Surprisingly, my friend told me he hadn’t done anything, that his son had done himself. Over the years they had tried many things, with little impact. They were many of the same kinds of rules, structures, disciplines and veiled threats (some not so veiled!) that have been used by parents everywhere for time immemorial. “My son decided he wanted to change, and it happened almost overnight, with no effort or involvement from my wife and me.”

The old adage about changed leaped into my mind:

 “People don’t resist change, they resist being changed.”

When someone wants to change there is very little resistance. Even if they struggle to get results, it’s not due to resistance. Yet almost when we turn it around and try to compel people to change—with things like rules, disciplines and threats that we often use in companies, or with our kids—more often than not we get resistance. At best these methods get ‘compliance’. But compliance is far from embracing change, from pouring your heart into it, like my friend’s son was doing. And the results don’t even compare.

My friend’s son had taken ownership and responsibility, not only for the change, but for something more important—the results. He was fully vested and investing in getting the results he wanted. In his case he had decided he badly wanted to go to a certain college. He did the research and realized his current grades and scores probably weren’t good enough to get him in. It was as if everything suddenly became clear to him and he started taking actions above and beyond anyone else’s expectations.
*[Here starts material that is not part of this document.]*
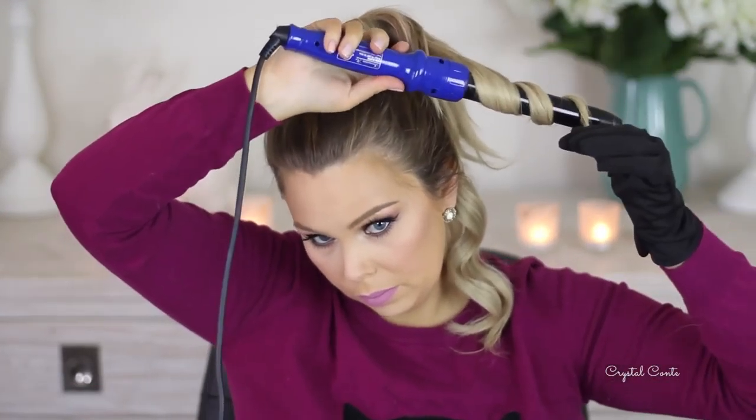If you curl your hair in the same way, the curls will stick together. But if you curl them in opposite directions, they don't tend to stick together, so they'll be more voluminous, if that makes sense.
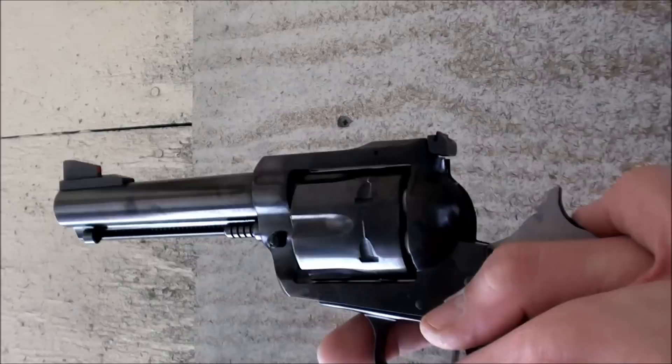Now we're shooting the New Model Blackhawk with the larger receiver with 158-grain Blazer Magnum .357s.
The level of engagement that occurs when someone decides they want to make a change is wholly unlike what happens when change is forced upon us. Forcing change can, course, lead to some results, but you can’t force people to care, to put their heart into it, or to get creative about solving problems. And once a company commits to “pushing” as the primary method for causing change, you have to keep pushing. As soon as you let up things will most likely slide right back to where they were and any results will evaporate. In organizations leaders simply can’t be everywhere, watching everything all of the time.

The Urge to Push Change

Finding solutions to business challenges is difficult enough, so when we get there and shift to implementing them, there is a natural tendency to want to “just do it”. It’s easy to think that all we need to do is tell people to change and it will happen. But that rarely gets results. Though I don’t have any data on it, I suspect that most companies struggle more with implementing change, than with deciding what to change.

I wondered how many hours, days and weeks I spent trying to push change. What if I had spent that time trying to find ways to help the other person want to change?

No it’s not easy, but I came to the conclusion very quickly it would probably take much less total effort, get better results and make everyone feel better along the way.

Shifting our perspective

The first step in any change is always in how we think about something. If we think about change as something we have to push through, to overcome resistance, it will lead to one set of actions. But if we think about change in a new way—how do we get people to want to change—entirely different questions come to mind.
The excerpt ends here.